Die Situation änderte sich vollkommen im Jahr 2014, nach den Ereignissen im Osten der Ukraine und der Verhängung antirussischer Sanktionen. Der NATO-Russland-Rat begann, immer seltener zusammenzutreten. So tagte er im Jahr 2019 nur ganze zweimal. Und dies auf unterster Ebene – auf der Ebene von Botschaftern. Schließlich war doch aber entsprechend den Arbeitsregeln des Gremiums vorgesehen worden, dass sich die Botschafter mindestens einmal im Monat treffen. Dabei sollte es noch regelmäßige Treffen auf der Ebene der Außen- und der Verteidigungsminister, der Generalstäbe und last and least der Staatsoberhäupter geben – mindestens einmal in zwei Jahren.
Den Wunsch, dieses Format wiederaufleben zu lassen, bekundete die NATO und nicht Russland. Jens Stoltenberg hat in diesem Jahr bereits mehrfach vorgeschlagen, eine Tagung des Rates durchzuführen. Charakteristisch ist, dass, als das NATO-Informationszentrum, das in Moskau unter anderem für die arbeitsseitige Absicherung solcher Treffen zuständig war, Anfang November seine Arbeit auf Initiative der russischen Seite einstellte, man in Brüssel beschloss, seine Funktionen nicht an die Vertretung der Europäischen Union zu übergeben. Folglich hoffte man dort, dass die Kontakte Moskaus und der Allianz in Bälde in der einen oder anderen Form wiederaufgenommen werden.

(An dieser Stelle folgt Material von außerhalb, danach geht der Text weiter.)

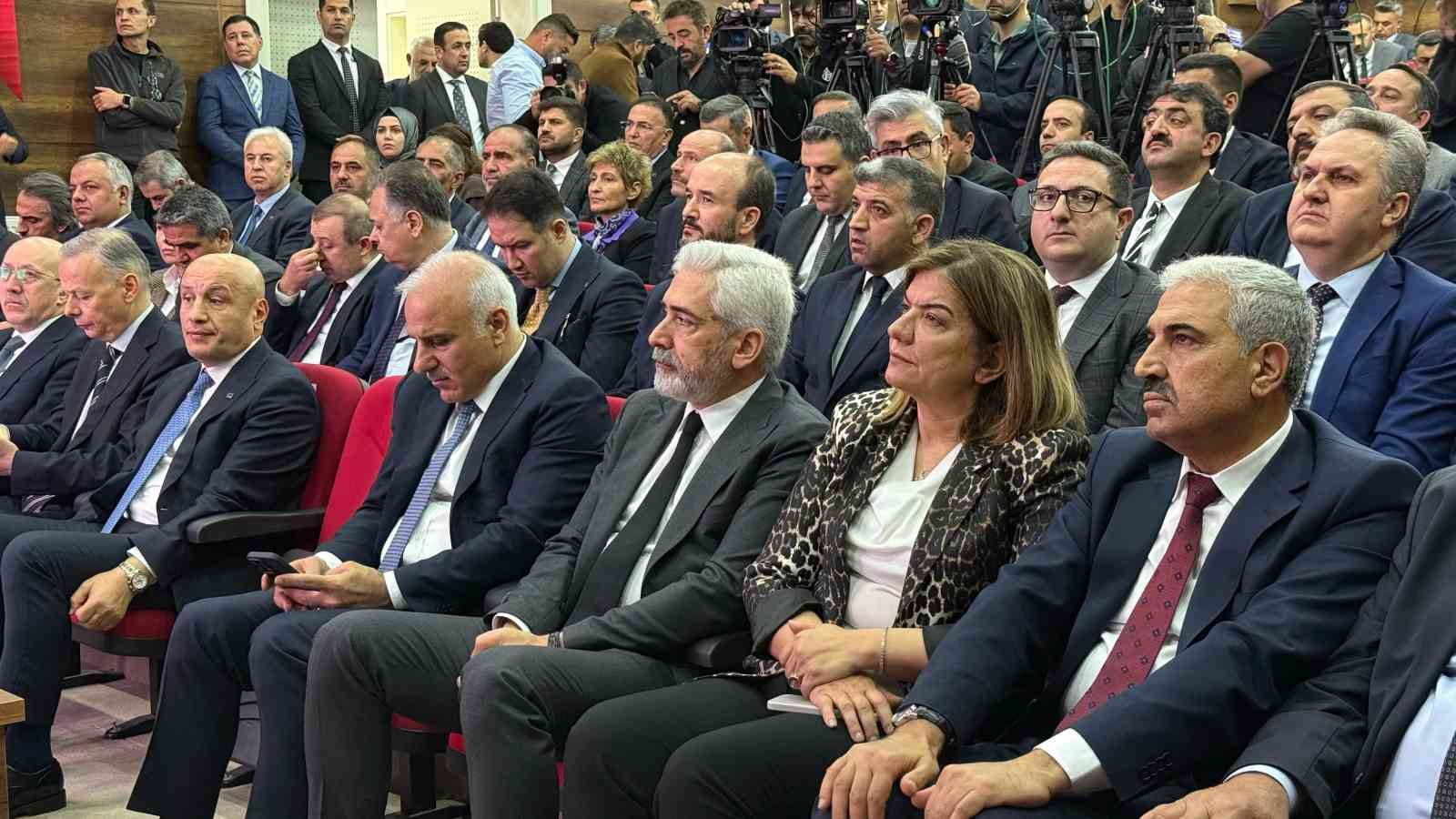 Ticaret Bakanı Bolat: "Nisanda mal ihracatımız geçen yılın aynı ayına göre yüzde 8,5 artışla 20,9 milyar dolara yükselmiştir"
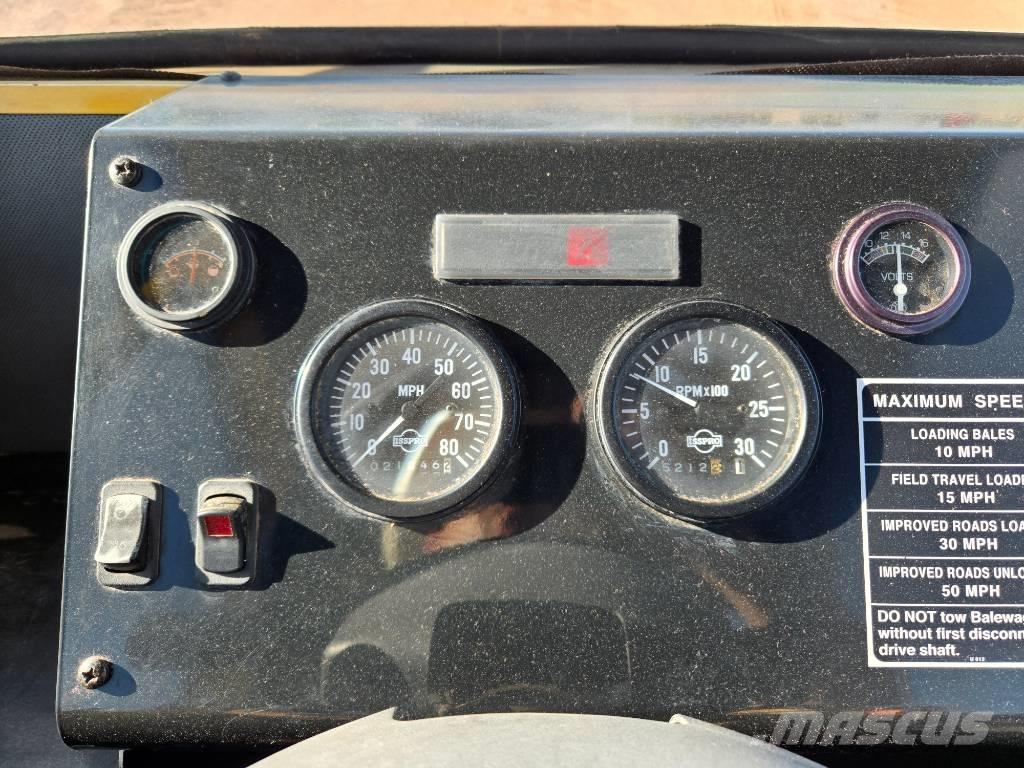 New Holland H 9880 Bale trailers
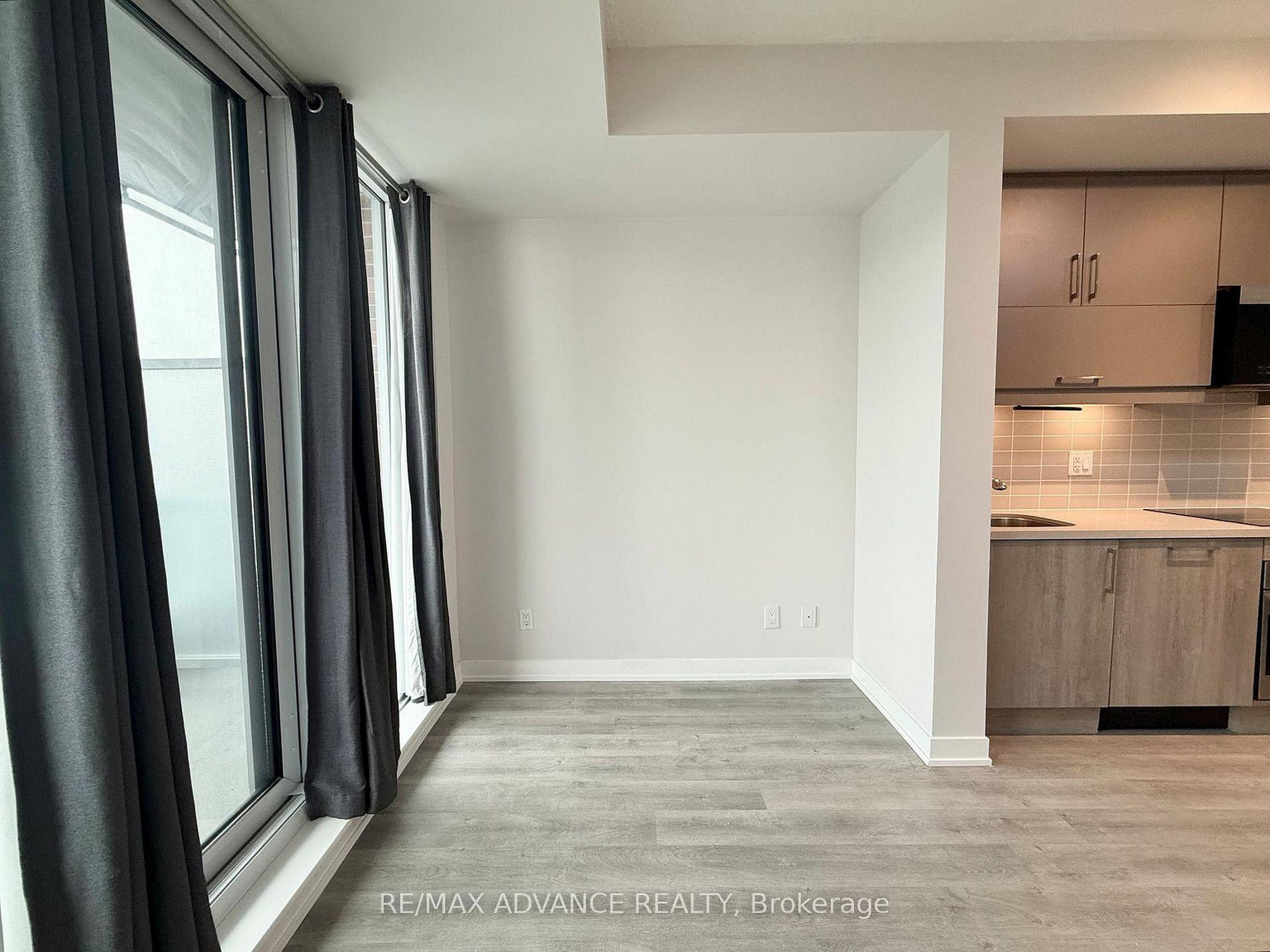 Gallery Square Condos - Photo 15
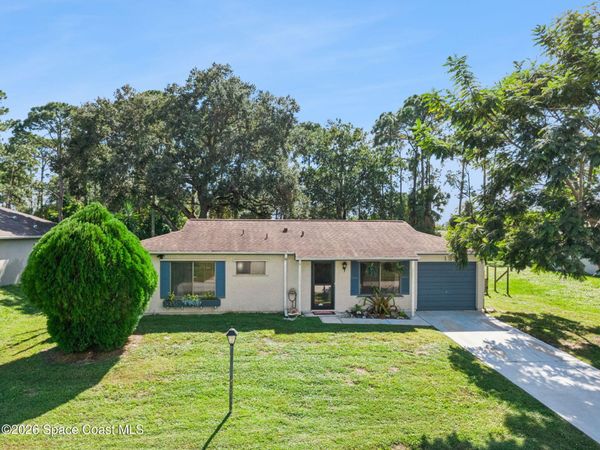138 Bali Street SE , Palm Bay, FL 32909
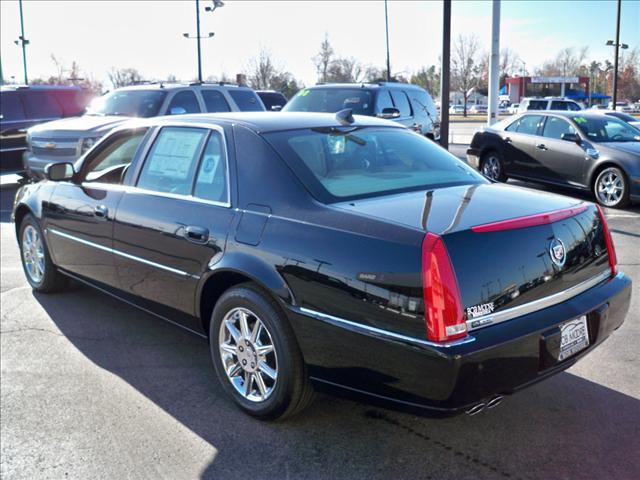 Cadillac DTS 2010 photo 2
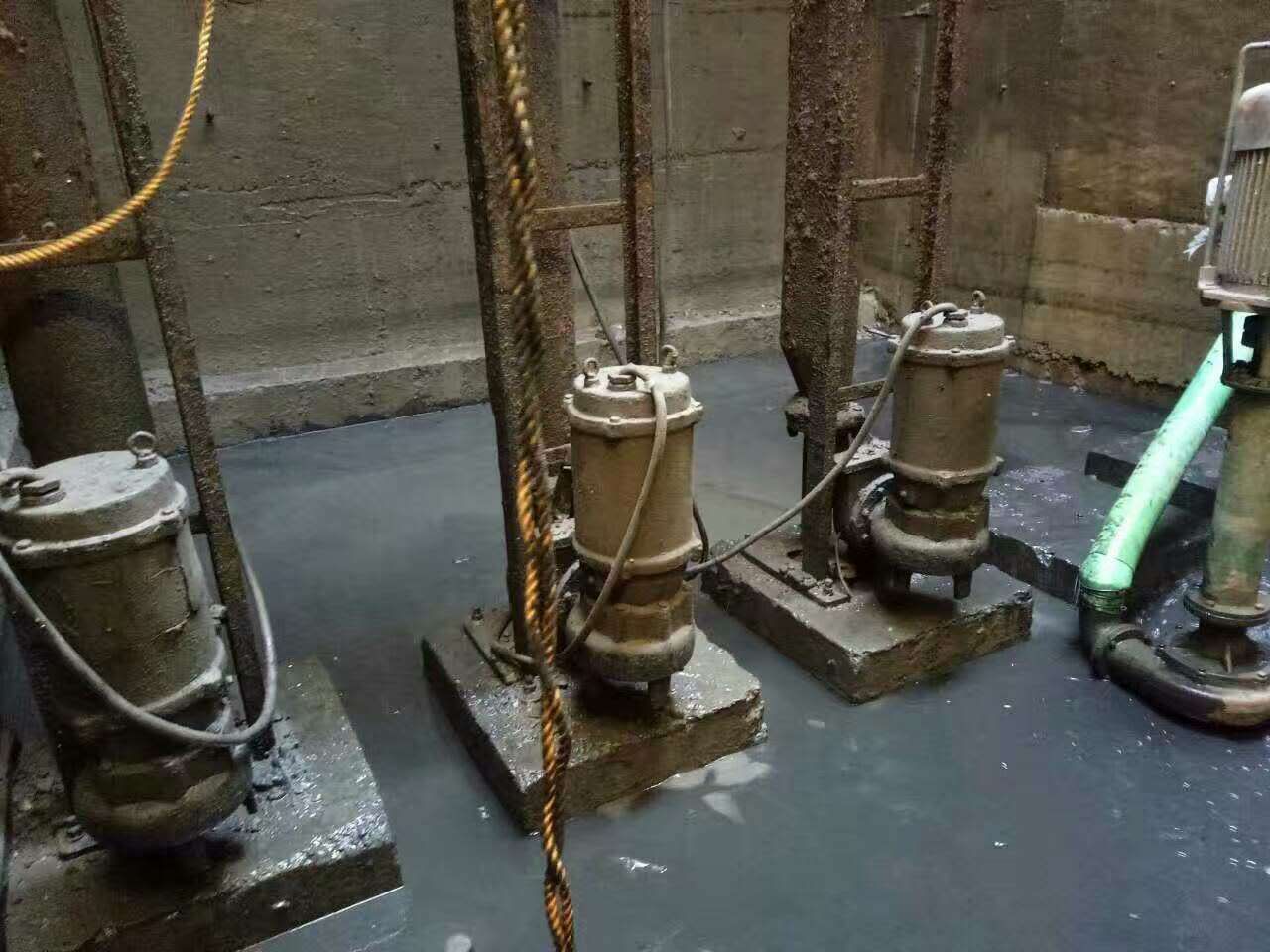 乌烈镇污水池清理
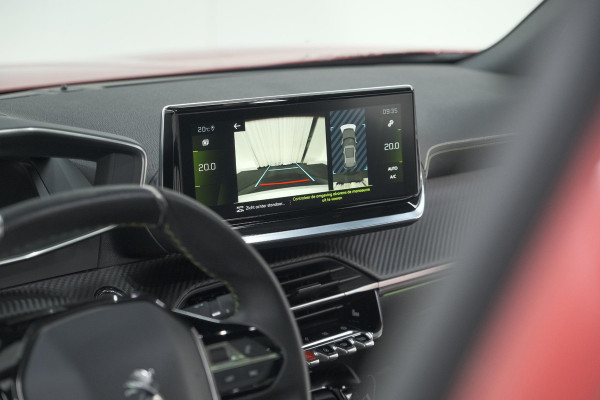 Peugeot 2008 PureTech 130 GT Pack | Panoramadak | Camera | Adaptieve Cruise Control | Stoelverwarming Peugeot 2008 PureTech 130 GT Pack | Panoramadak | Camera | Adaptieve Cruise Control | Stoelverwarming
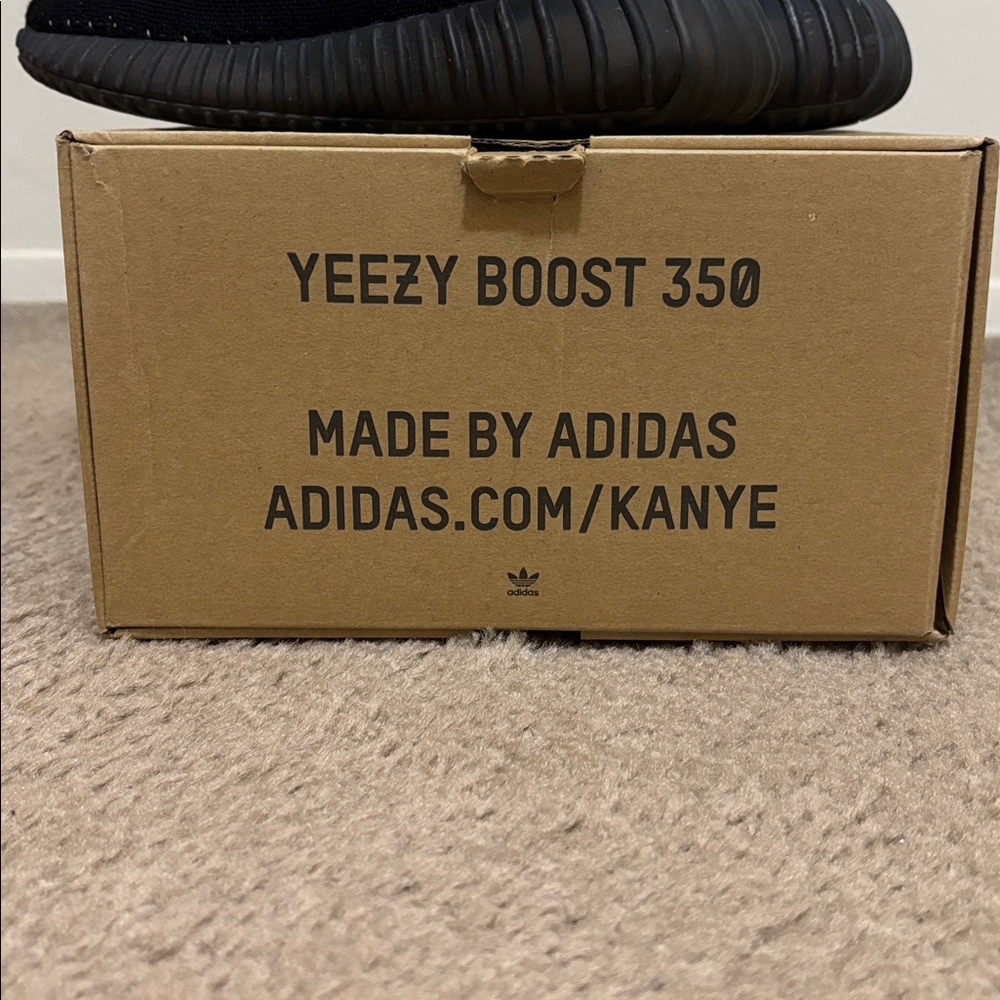Adidas Yeezy Boost 350 V2 Kids Sneakers - Black and Cream- size 7 - Picture 4 of 8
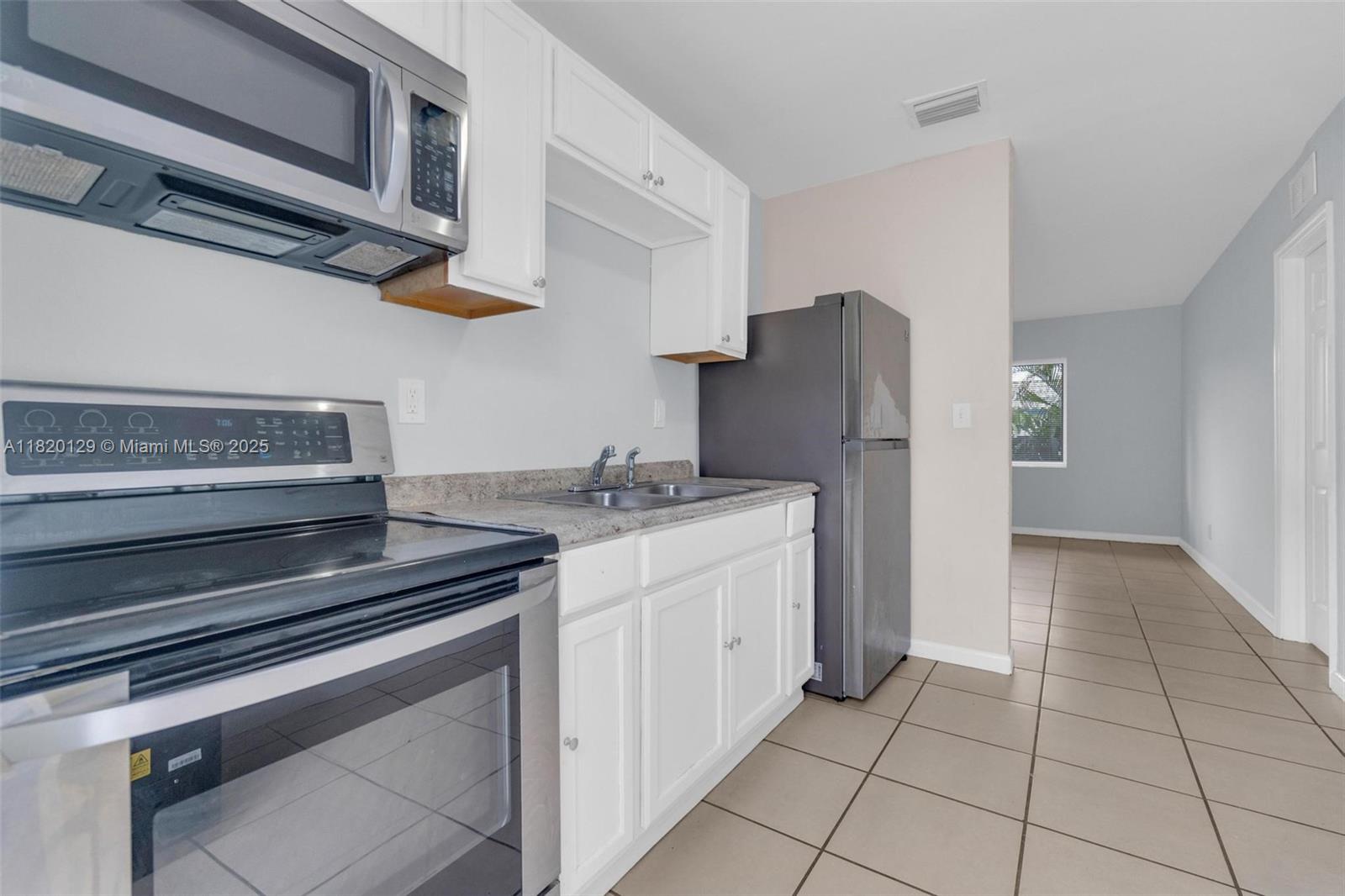 WASHINGTON PARK FOURTH AD - Residential Lease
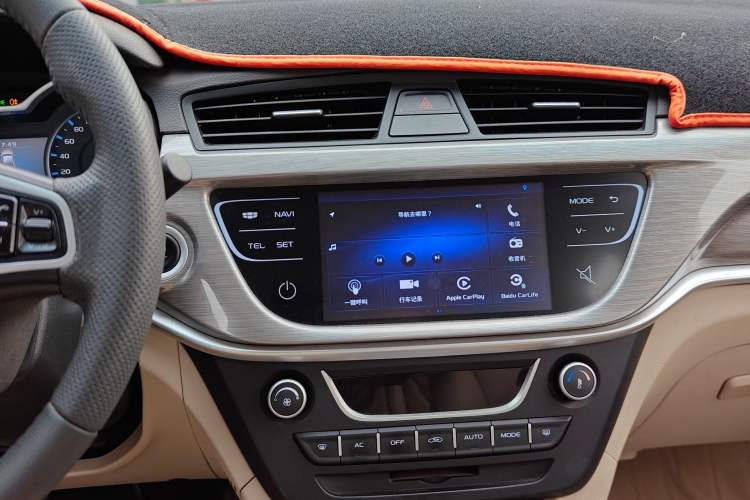 Used Geely Auto Emgrand 2017 Sedan Million Edition 1.5L Manual Luxury Model Audio And AC Panel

Russland hatte aber seinerseits demonstrativ den Kontakten mit den USA und nicht mit der NATO den Vorzug eingeräumt. In dem bereits erwähnten Interview für den TV-Kanal RT hatte sich Lawrow recht scharf über Stoltenberg und dessen Arbeit geäußert. Der NATO-Generalsekretär würde nach Aussagen des russischen Außenministers „ständig irgendwelche nicht sehr adäquate Erklärungen“, die Russland betreffen würden, abgeben. Und überhaupt wäre es für den Generalsekretär nicht schlecht, wie Lawrow ironisch oder gereizt sagte, sich Gedanken über einen Job-Wechsel zu machen.
Die Bereitschaft, die Einberufung einer Tagung des NATO-Russland-Rates (voraussichtlich am 12. Januar – Anmerkung der Redaktion) zu erörtern, belegt, dass Moskau die Allianz nicht abschreibt. Dennoch verknüpft es mit ihr aber auch keine überzogenen Erwartungen. Bisher ist offiziell das Datum für ein Treffen von Vertretern der USA und Russlands nicht bekanntgegeben worden, obgleich sich am Dienstag die Informationen bezüglich des 10. Januars verdichteten. Aber der russisch-amerikanische Track ist, wenn man anhand der Erklärungen russischer offizieller Vertreter urteilt, unter den drei Tracks für die Erörterung der russischen Sicherheitsvorschläge der wichtigste und bestimmende.